インド洋のもうひとつの小国モルディブではマイクロプラスチックスの被害が深刻のようだ。
原因として考えられているのは、インドなどインド洋近隣諸国から海流によってやって来るものや、モルディブのごみ処理や貧弱な下水道などの廃水システムから漏れ出ているものなどがあるという。埋立地として使用される「ゴミ島」もマイクロプラスチックスに寄与している可能性があるという。
過去10年間でモルディブの1人あたりの廃棄物は58%増加し、現在の廃棄物管理システムでは、人口増加と開発のペースに追いつくことができていないという。
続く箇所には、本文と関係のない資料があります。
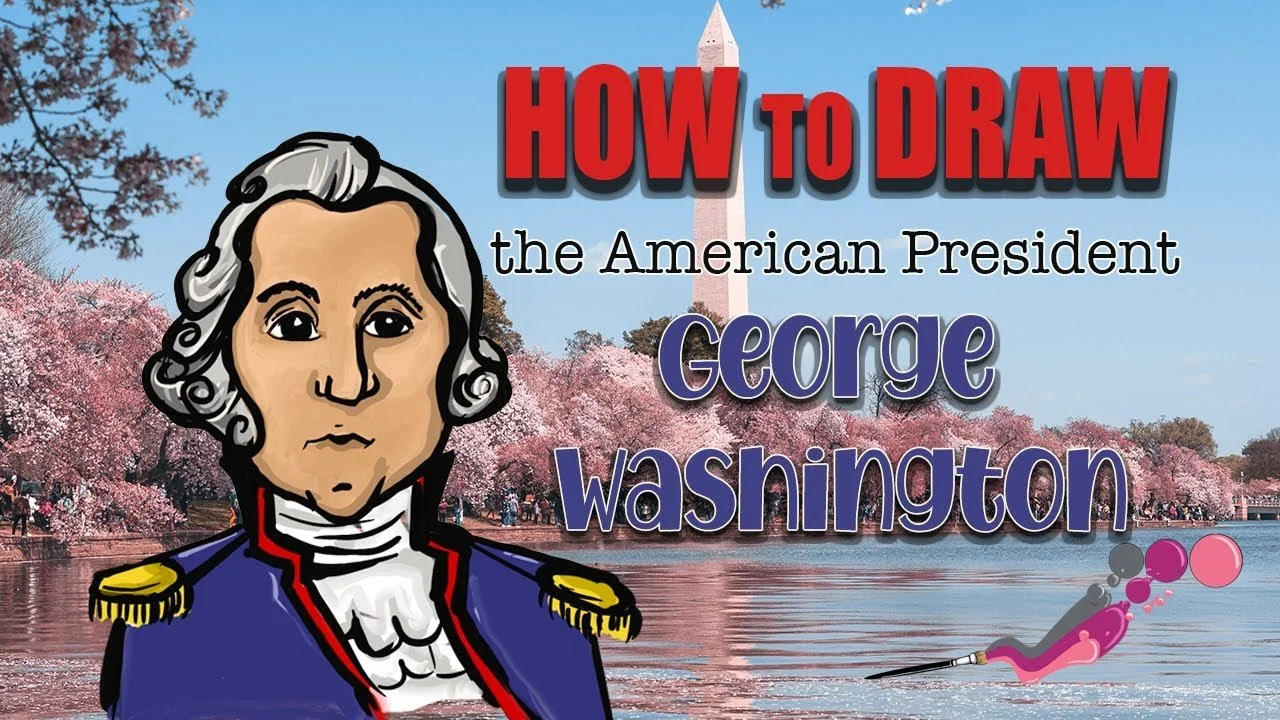 How to draw the American president George Washington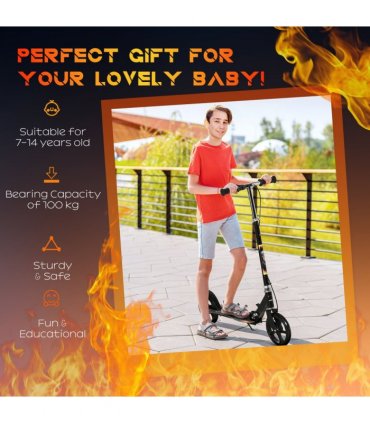 Kick Scooter Black 86L x 35Wcm Foldable Kids Adjustable Height Break Big Wheels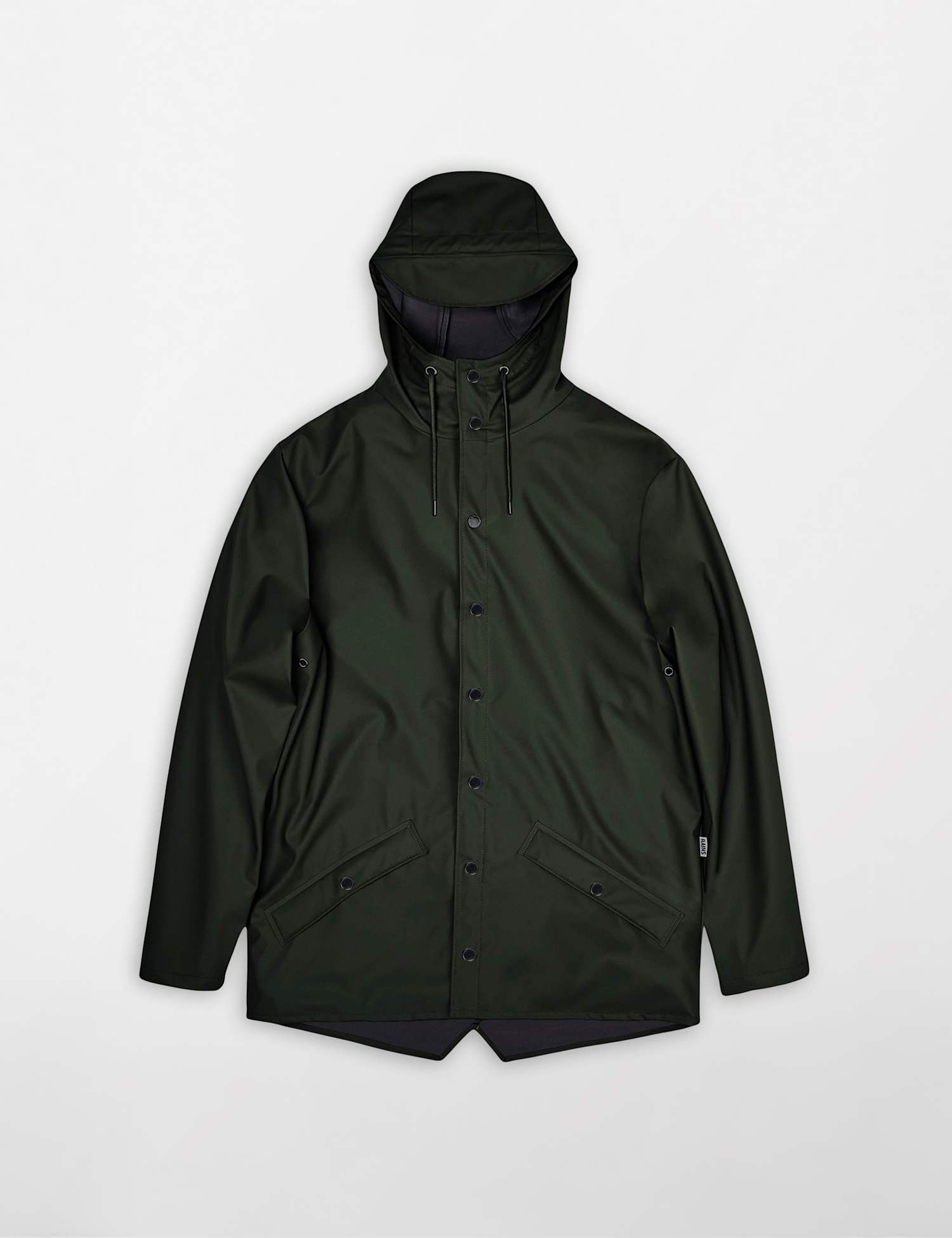 RAINS Waterproof Hooded Rain Jacket Dark Green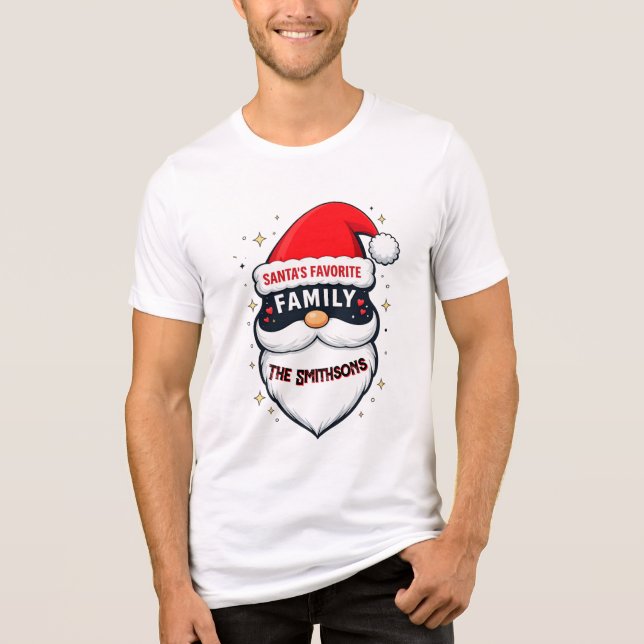 Tomtens Favorit Familj Jul T-Shirt (Framsida)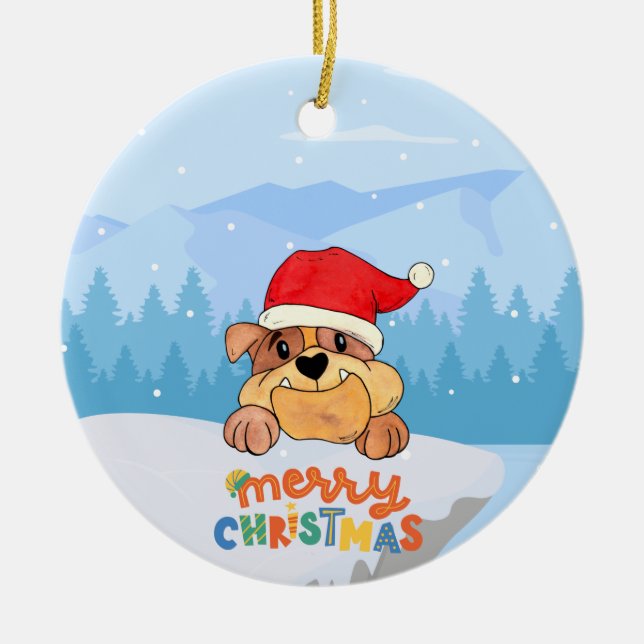Santa Hat Puppy Snow Christmas Ceramic Ornament (Front)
「廃棄物を大幅に削減し廃棄物管理を改善しなければ、小さな島のコミュニティは、海洋環境に高レベルのマイクロプラスチック汚染を生成し続け、生態系、海洋生物、および地元の島のコミュニティの健康に悪影響を及ぼす可能性がある」とphys.orgは指摘する。
モルディブに滞在し、その美しい自然に魅せられ、至上の時間を過ごすことができたなんて思っていたが、こうした記事を読むと罪悪を感じたりもする。
エコフレンドリー・トラベル
コンデナスト・トラベラーがいうエコフレンドリー・トラベル(環境にやさしい旅)の精神が必要と感じたりもする。
コロナ対策からエコフレンドリーな選択肢をコンデナスト・トラベラーは紹介する。
海洋プラスチックス被害の実態
コンデナスト・トラベラーも指摘しているが、コロナによる使い捨てプラスチックスの増加、海洋プラスチックスやマイクロプラスチックスの問題が気になる。
ここ最近、多くの研究論文が出ていることの影響もあるのだろう。
「海洋のプラスチックス汚染の大部分を一掃する方法は、気が遠くなるほど難しい問題であり、解決するためにさまざまな革新的なアプローチを取るものです」と、NEW ATLASは、英国とドイツの科学者によって行われた研究結果を紹介する。
この研究は、海面に浮遊プラスチックスにのみ焦点を当て、海面下にあるプラスチックス廃棄物やマイクロプラスチックスは対象としていない。
河川と埋立地で流れる水の量から浮遊プラスチックスの総質量を推定するモデルを開発し、その分析から、現在399,000mt(トン)の浮遊プラスチックスが、2052年までに860,000mtに達するという。
海洋プラスチックス対策 海の持続可能性に必要な行動
2019年、The Ocean Cleanup Projecが立ち上がり、太平洋での浮遊プラスチックスの回収を始めた。この研究で明らかになったことは、これらの回収装置が200台がストップすることなし稼働しても、130年間で回収できる浮遊プラスチックスの量は44,90mt、全体の約5%が削減されるのみだという。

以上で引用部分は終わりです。